\name{agnes}
\alias{agnes}
\title{Agglomerative Nesting (Hierarchical Clustering)}
\concept{UPGMA clustering}
\description{
  Computes agglomerative hierarchical clustering of the dataset.
}
\usage{
agnes(x, diss = inherits(x, "dist"), metric = "euclidean",
      stand = FALSE, method = "average", par.method,
      keep.diss = n < 100, keep.data = !diss, trace.lev = 0)
}
\arguments{
  \item{x}{
    data matrix or data frame, or dissimilarity matrix, depending on the
    value of the \code{diss} argument.

    In case of a matrix or data frame, each row corresponds to an observation,
    and each column corresponds to a variable.
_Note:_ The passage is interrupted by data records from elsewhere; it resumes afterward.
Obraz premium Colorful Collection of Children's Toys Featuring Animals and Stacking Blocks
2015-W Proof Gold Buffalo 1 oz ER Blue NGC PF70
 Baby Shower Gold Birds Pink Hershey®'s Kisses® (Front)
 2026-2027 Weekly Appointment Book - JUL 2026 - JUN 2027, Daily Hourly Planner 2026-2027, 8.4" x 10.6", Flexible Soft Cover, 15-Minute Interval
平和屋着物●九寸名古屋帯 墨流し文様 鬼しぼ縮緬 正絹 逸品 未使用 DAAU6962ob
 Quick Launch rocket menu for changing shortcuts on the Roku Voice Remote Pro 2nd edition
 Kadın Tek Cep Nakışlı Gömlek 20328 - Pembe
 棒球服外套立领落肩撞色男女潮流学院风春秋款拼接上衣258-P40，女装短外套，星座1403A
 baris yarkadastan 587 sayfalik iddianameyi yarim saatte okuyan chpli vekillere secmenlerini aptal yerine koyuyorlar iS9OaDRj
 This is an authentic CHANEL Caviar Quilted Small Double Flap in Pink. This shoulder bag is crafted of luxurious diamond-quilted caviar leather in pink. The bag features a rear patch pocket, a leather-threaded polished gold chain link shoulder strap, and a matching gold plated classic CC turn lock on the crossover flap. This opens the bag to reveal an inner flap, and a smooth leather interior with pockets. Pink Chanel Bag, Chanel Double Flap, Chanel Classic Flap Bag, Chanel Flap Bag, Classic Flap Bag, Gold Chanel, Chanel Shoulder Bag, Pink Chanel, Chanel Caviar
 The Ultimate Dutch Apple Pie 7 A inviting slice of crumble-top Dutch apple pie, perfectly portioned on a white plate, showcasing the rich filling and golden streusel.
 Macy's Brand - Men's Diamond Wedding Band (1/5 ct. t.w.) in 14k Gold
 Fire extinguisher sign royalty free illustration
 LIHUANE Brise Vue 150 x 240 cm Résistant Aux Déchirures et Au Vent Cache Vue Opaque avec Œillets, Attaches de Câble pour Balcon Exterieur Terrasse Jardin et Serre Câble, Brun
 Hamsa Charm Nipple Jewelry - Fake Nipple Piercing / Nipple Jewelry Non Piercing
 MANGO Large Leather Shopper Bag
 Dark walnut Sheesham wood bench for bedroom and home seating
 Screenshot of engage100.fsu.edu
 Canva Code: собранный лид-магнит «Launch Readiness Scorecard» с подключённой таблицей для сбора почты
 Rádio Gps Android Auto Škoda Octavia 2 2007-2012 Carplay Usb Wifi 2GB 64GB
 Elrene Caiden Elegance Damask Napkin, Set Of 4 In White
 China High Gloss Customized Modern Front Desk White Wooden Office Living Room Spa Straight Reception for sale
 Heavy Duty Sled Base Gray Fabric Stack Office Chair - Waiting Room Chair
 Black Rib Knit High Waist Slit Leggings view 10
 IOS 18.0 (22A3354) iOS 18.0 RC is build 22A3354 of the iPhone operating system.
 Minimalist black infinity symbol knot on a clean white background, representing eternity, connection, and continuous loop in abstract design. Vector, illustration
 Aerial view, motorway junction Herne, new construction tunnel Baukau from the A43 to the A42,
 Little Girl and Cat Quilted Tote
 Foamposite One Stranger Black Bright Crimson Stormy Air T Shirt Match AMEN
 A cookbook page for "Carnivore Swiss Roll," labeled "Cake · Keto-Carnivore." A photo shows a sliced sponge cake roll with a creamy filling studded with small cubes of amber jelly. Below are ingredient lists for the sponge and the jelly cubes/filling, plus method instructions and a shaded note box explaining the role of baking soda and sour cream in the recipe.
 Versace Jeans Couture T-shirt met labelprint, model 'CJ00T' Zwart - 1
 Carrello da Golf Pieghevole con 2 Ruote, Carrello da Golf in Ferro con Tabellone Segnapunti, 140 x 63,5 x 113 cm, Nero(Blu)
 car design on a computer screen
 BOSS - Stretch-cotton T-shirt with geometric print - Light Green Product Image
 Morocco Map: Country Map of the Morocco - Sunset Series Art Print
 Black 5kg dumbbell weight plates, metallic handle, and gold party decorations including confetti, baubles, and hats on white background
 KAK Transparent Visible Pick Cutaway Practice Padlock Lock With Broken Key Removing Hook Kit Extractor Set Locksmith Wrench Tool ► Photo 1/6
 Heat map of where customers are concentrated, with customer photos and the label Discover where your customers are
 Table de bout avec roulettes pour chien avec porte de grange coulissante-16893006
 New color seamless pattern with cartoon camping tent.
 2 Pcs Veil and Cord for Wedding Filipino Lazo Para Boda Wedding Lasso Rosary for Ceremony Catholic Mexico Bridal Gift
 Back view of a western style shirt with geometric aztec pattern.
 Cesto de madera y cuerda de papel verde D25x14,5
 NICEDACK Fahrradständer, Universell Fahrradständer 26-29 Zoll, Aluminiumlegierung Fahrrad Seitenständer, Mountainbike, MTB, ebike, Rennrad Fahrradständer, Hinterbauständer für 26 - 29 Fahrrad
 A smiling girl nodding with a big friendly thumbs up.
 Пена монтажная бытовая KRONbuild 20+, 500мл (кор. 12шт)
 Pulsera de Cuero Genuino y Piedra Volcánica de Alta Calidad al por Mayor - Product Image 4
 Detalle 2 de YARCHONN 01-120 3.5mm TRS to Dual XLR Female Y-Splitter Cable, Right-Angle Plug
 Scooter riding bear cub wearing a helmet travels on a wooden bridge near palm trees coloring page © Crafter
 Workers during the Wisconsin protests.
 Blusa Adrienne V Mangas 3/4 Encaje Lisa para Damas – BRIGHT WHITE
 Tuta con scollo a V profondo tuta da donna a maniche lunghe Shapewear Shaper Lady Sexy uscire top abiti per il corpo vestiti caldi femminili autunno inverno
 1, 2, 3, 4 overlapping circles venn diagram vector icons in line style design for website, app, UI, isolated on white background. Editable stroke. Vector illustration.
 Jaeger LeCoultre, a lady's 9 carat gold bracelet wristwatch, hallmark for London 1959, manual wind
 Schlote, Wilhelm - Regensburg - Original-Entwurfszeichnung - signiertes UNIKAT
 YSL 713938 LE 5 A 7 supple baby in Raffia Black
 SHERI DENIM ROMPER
All variables must be numeric.
    Missing values (NAs) are allowed.

    In case of a dissimilarity matrix, \code{x} is typically the output of
    \code{\link{daisy}} or \code{\link{dist}}.
    Also a vector with length n*(n-1)/2 is allowed (where n is the number
    of observations), and will be interpreted in the same way as the
    output of the above-mentioned functions. Missing values (NAs) are not
    allowed.
  }
  \item{diss}{
    logical flag: if TRUE (default for \code{dist} or
    \code{dissimilarity} objects), then \code{x} is assumed to be a
    dissimilarity matrix.  If FALSE, then \code{x} is treated as
    a matrix of observations by variables.
  }
  \item{metric}{
    character string specifying the metric to be used for calculating
    dissimilarities between observations.
    The currently available options are \code{"euclidean"} and \code{"manhattan"}.
    Euclidean distances are root sum-of-squares of differences, and
    manhattan distances are the sum of absolute differences.
    If \code{x} is already a dissimilarity matrix, then this argument will
    be ignored.
  }
  \item{stand}{
    logical flag: if TRUE, then the measurements in \code{x} are
    standardized before calculating the dissimilarities. Measurements
    are standardized for each variable (column), by subtracting the
    variable's mean value and dividing by the variable's mean absolute
    deviation.  If \code{x} is already a dissimilarity matrix, then this
    argument will be ignored.
  }
  \item{method}{
    character string defining the clustering method.  The six methods
    implemented are
    \code{"average"} ([unweighted pair-]group [arithMetic] average method, aka \sQuote{UPGMA}),
    \code{"single"} (single linkage), \code{"complete"} (complete linkage),
    \code{"ward"} (Ward's method),
    \code{"weighted"} (weighted average linkage, aka \sQuote{WPGMA}), its generalization
    \code{"flexible"} which uses (a constant version of)
    the Lance-Williams formula and the \code{par.method} argument, and
    \code{"gaverage"} a generalized \code{"average"} aka \dQuote{flexible
    UPGMA} method also using the Lance-Williams formula and \code{par.method}.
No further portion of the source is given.